In 2010, Qatar stunned the football world by winning the right to stage the 2022 World Cup.
It fought off competition from the United States, Australia, Japan and South Korea to land the biggest football contest on the planet.
But almost immediately, key Fifa voters, including Franz Beckenbauer and Michel Platini, raised the prospect of moving the tournament from its traditional June/July slot to avoid the high summer temperatures in Qatar.
Those calls intensified, prompting a unilateral attempt by Fifa president Sepp Blatter to shift the World Cup from its June and July schedule.
He was reined in by the regional confederations, who demanded they be consulted, along with the leagues, clubs and broadcasters.

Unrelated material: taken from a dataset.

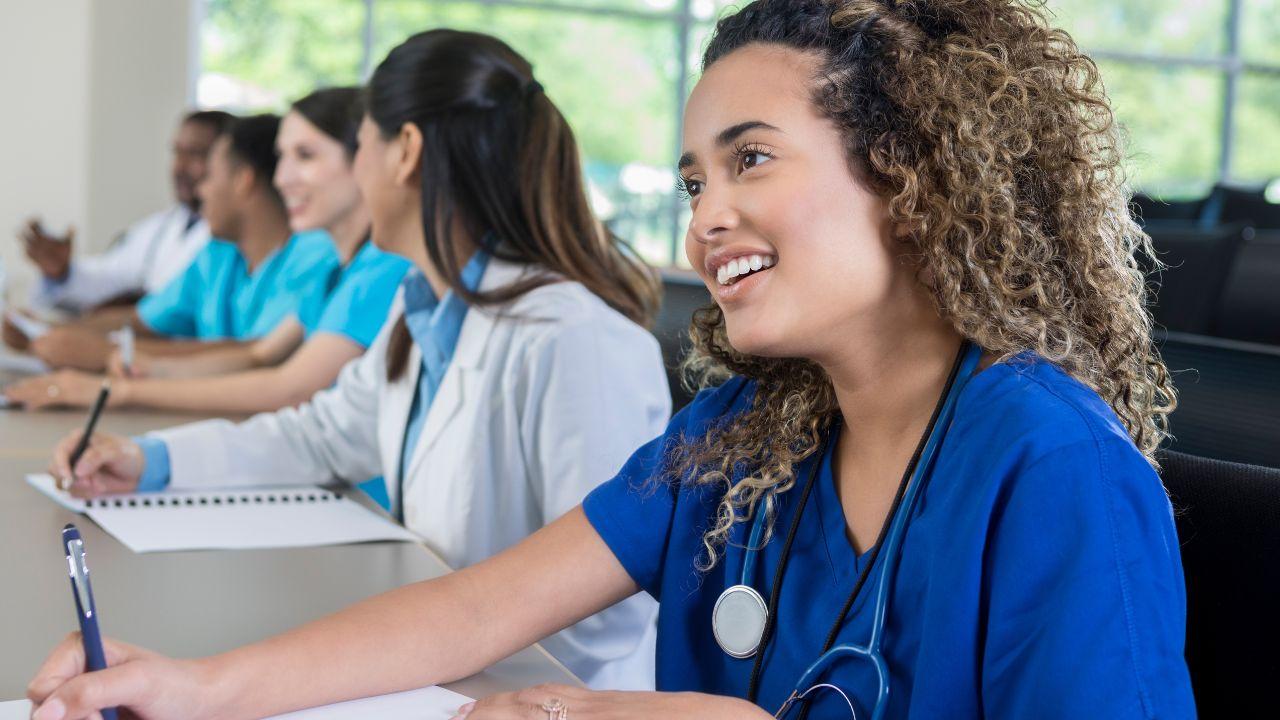 Mahasiswa Indonesia: Mengelola Akademik, Sosial, Dan Kesehatan Dalam Satu Waktu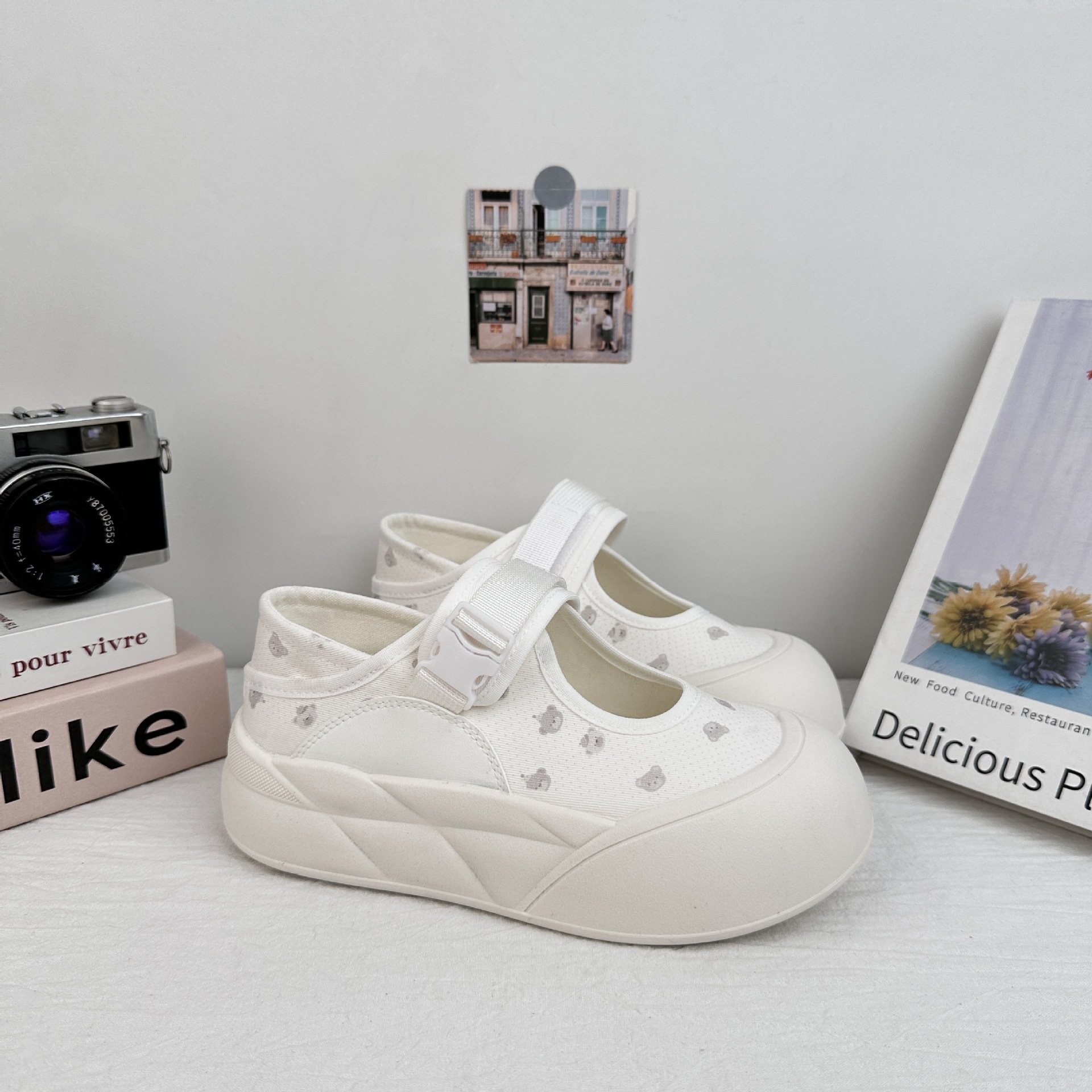 Zapatos de mujer Yuanbo Mary Zhen2025 nuevos zapatos de lona de estilo explosivo con suela transpirable con faldas sandalias pequeñas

So a taskforce headed by Shaikh Salman, the head of the Asian Football Confederation and a Fifa vice-president, was formed in October 2013.
In the year since, Salman has travelled the world to speak with individuals and organisations who would be affected by any change in date.
Only in the past few weeks has the real negotiating started in earnest.
Why weren't heat concerns raised earlier?
Before Qatar won the bid, Fifa was warned about - but seemingly ignored - the heat issues in a technical report that described a summer tournament as "high risk".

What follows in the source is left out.